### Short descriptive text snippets
----------
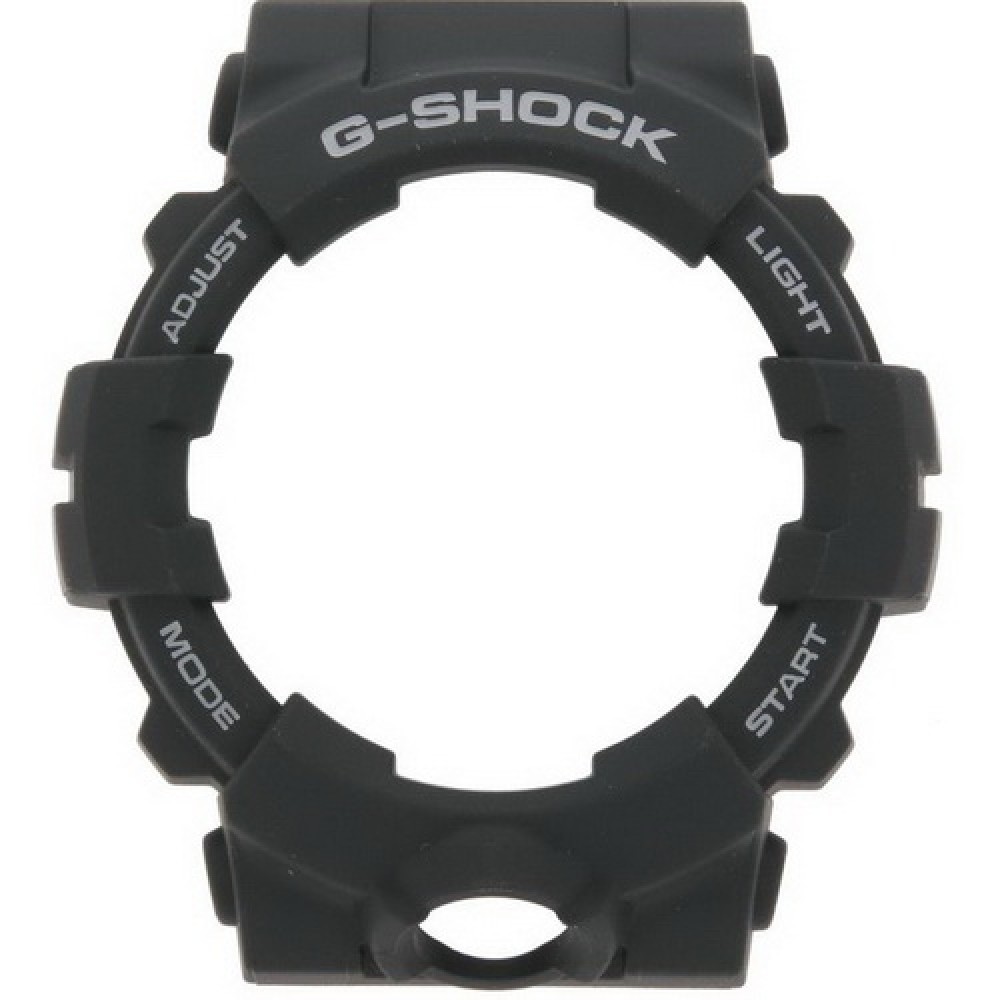 Накладка GBD-800-8(10573746) Накладка GBD-800-8(10573746)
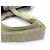Borsa Tote Chanel Beige e Grigia Marrone - vista 13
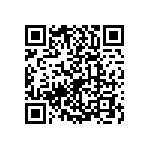 0603J0250102KDT QRCode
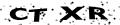 Enter the code shown; Click to reload image.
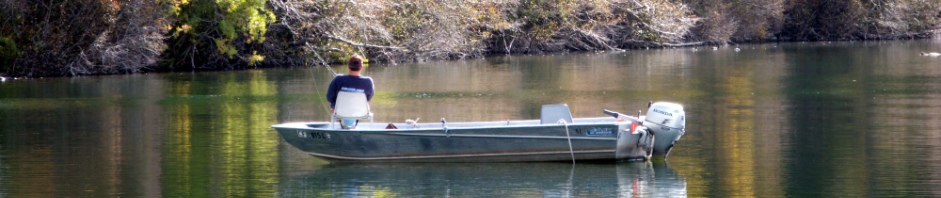 myers-briggs-fishing guy.jpg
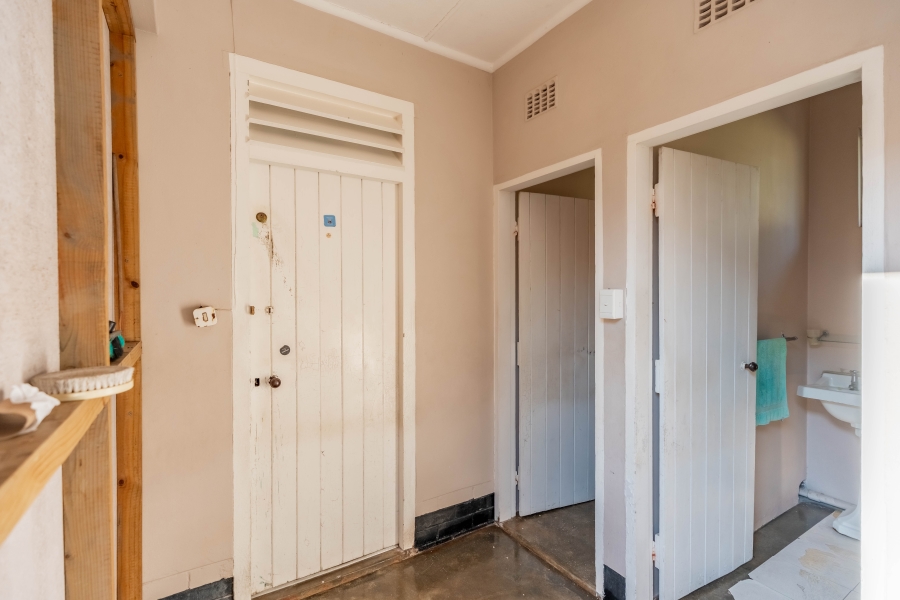 5 Bedroom Property for Sale in Westville Central KwaZulu-Natal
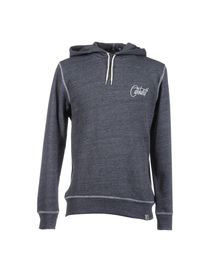 CARHARTT - Hooded sweatshirt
----------
### Action item
Please set down the data above exactly as given, leaving every picture out.

### Written reply
 Накладка GBD-800-8(10573746) Накладка GBD-800-8(10573746)
Borsa Tote Chanel Beige e Grigia Marrone - vista 13
 0603J0250102KDT QRCode
 Enter the code shown; Click to reload image.
 myers-briggs-fishing guy.jpg
 5 Bedroom Property for Sale in Westville Central KwaZulu-Natal
 CARHARTT - Hooded sweatshirt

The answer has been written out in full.